The use of polyoxymethylene (POM) is also beneficial. This material is often used in the gearboxes of cheap power tools. But in this case, this is a replacement for a soft copper alloy sleeve, which would crumble instantly in the gearbox. The polymer material reduces the dry friction coefficient and the appearance of abrasive particles, which in turn accelerate wear.

All these tricks do not completely eliminate the design flaws of the sleeve bearing, although they allow it to work for several years even in an unfortunate position. The most tenacious will be a fan with IP6X protection. It uses a grommet to keep out dust, which also prevents oil from evaporating and leaking out.

Hydrodynamic bearing
It is considered eternal, because as long as there is oil in it, the shaft and bushing cannot touch. This is ensured by a special profile of either the sleeve or the shaft, which provides increased pressure in some areas. Usually these are opposite oblique grooves on the bushing. They are easier to perform in soft metal without disturbing the balance of the shaft. But in practice, you can find anything generously flavored with marketing names.

As can be seen from the simulation results, the increased pressure acts on the shaft from all sides. Due to this, the shaft vibrates less and contact with the sleeve is practically excluded. But the main problem of sleeve bearings is that oil drying is also present here. And another one is added: in the supine position, the oil, as it dries, will either accumulate in the oil chamber (while some designs exclude a sufficient supply of oil due to the capillary effect), or will gradually leave the bearing through an insufficiently tight shaft seal.

And to all this is added a very high sensitivity to work at low revs. The oil pressure depends on the rpm, and if they are insufficient, the hydrodynamic bearing turns into a regular plain bearing. It is not for nothing that manufacturers often limit the lower speed of fans with hydrodynamic bearings at 600 rpm. But even with this limitation, users notice the appearance of extraneous sounds.

Magnetic centering bearings
Most fans use magnetic levitation due to the attraction of the permanent magnet of the rotor and stator poles. It is easy to make sure that there is magnetic levitation – just push the impeller along the axis. She moves freely for some distance and immediately returns. In fans with magnetic centering, another magnet is added, which gives more rigidity, and a shaft axis stop, which can be made of either plastic or a hydrodynamic bearing.

The added stiffness reduces shaft vibration at low revs and allows the hydrodynamic bearing to operate at any revs and in any position.

Friction bearing
As the name implies, the principle of its operation is based on rolling. The harder the material, the less the surface roughness and the more accurate the parts, the longer the bearing will last. The lower the operating speed in the rolling bearing, the longer it will work (even in terms of the total number of revolutions).

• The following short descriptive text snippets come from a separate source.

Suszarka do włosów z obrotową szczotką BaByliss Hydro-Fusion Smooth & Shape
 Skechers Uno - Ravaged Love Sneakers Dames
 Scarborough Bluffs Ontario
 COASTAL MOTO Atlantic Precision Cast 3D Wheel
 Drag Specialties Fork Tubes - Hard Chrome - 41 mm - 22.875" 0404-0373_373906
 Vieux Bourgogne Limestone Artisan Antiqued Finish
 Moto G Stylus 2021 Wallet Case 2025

Orientation in space does not affect work in any way, so fans based on it can be used in any part of the assembly.

But such a bearing is noisy, which makes it pointless to use it at low speeds, and over time, the noise generated increases gradually. The most durable variety is made of ceramic.

And the quietest modification without a separator, in which the balls do not create noise by tapping against each other, most likely we will never see in computer fans.

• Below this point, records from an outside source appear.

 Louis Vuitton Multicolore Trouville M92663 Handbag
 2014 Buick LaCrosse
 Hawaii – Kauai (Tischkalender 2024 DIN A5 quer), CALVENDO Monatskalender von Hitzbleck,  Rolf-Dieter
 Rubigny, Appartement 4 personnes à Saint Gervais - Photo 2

Computer fan bearings have their own strengths and weaknesses, taking into account which you can avoid accelerated breakdown and unnecessary waste.

A conventional sleeve bearing is cheap, it quickly fails, but on the front panel it can last quite a long time.

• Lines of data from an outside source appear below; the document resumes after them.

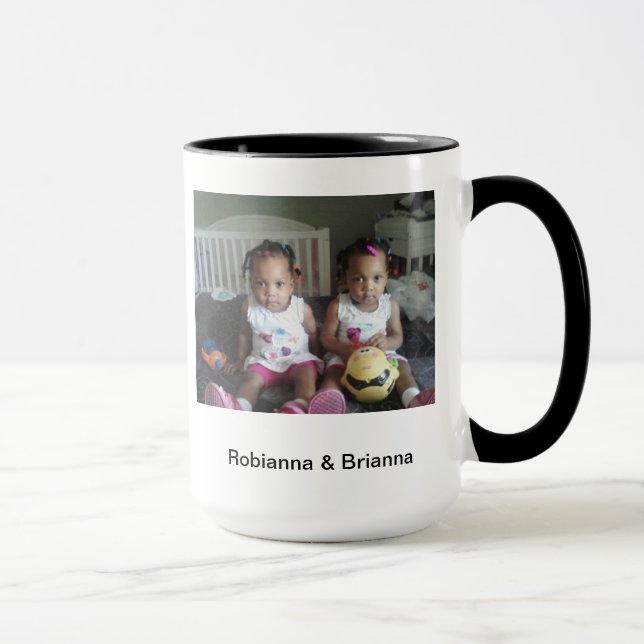 Mug Robianna et Brianna (Droite)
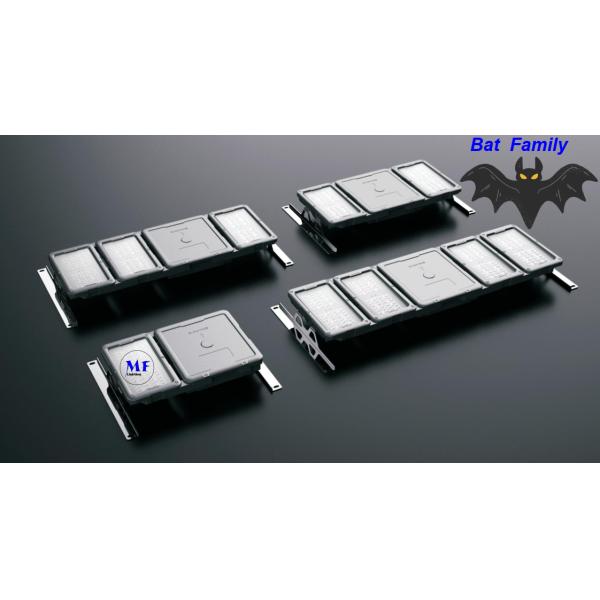 80W LED Tunnel Light 85°*155°/102°*155° /125°*148°/23°*105° IP67 Waterproof 5 Years Warranty IK10 4000K For Tunnel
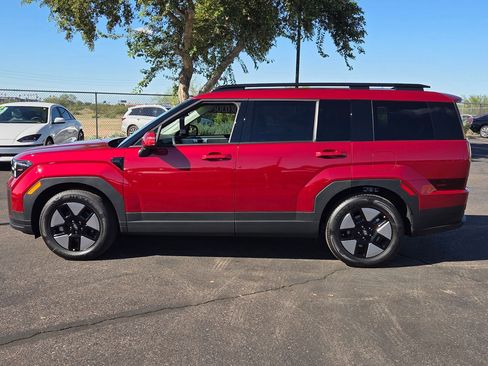 Certified 2026 Hyundai Santa Fe SEL image 9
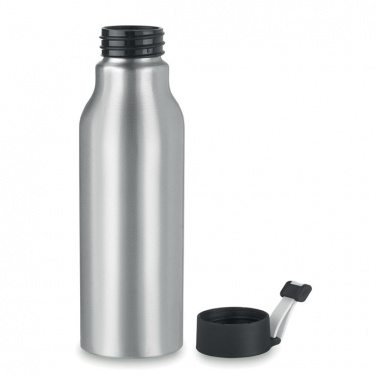 Logo trade advertising products picture of: Aluminium 500 ml bottle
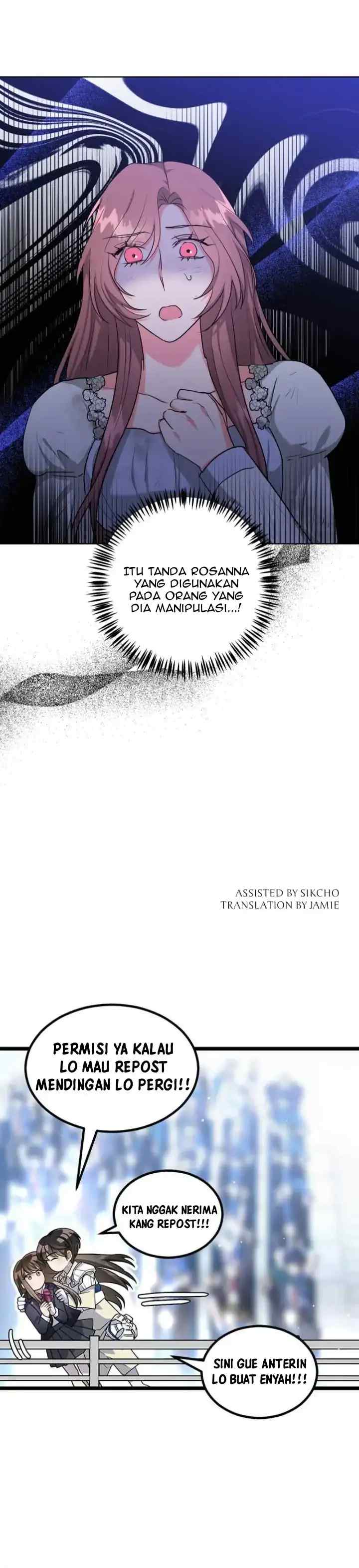 The Northern Duke Needs a Warm Hug chapter 41 halaman 18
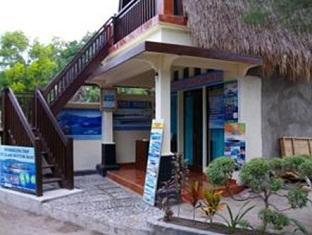 Coral Beach II Guest House Gili Trawangan Exterior photo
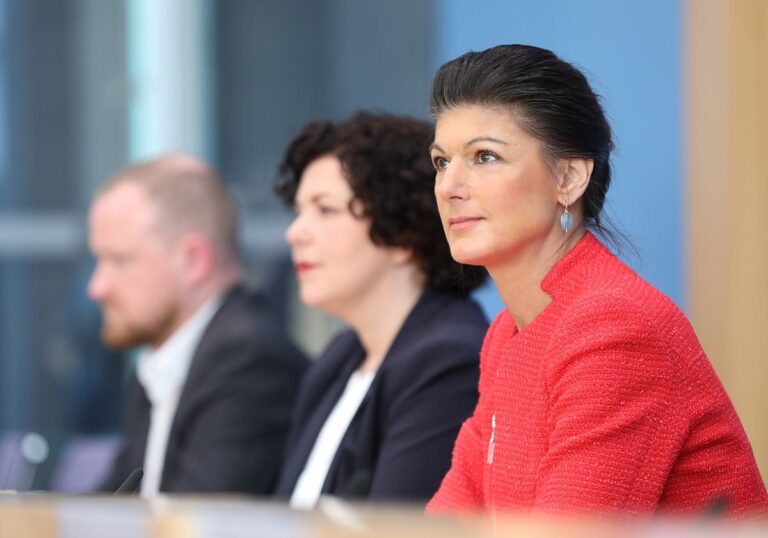 Sahra Wagenknecht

Self-lubricating bearings, especially with the use of plastic (POM) and IP6X protection class, can work in any part of the assembly, not inferior in durability to other types.

A fluid dynamic bearing in its simplest design is even more capricious than a conventional plain bearing. It will be optimal to use at speeds close to maximum, if you avoid the “lying” position.

Magnetic centering allows fluid dynamic bearings to operate in any position and speed.

The rolling bearing is the most reliable, but noisy. Often, it warns in advance of its impending breakdown with increased noise, which avoids a sudden stop.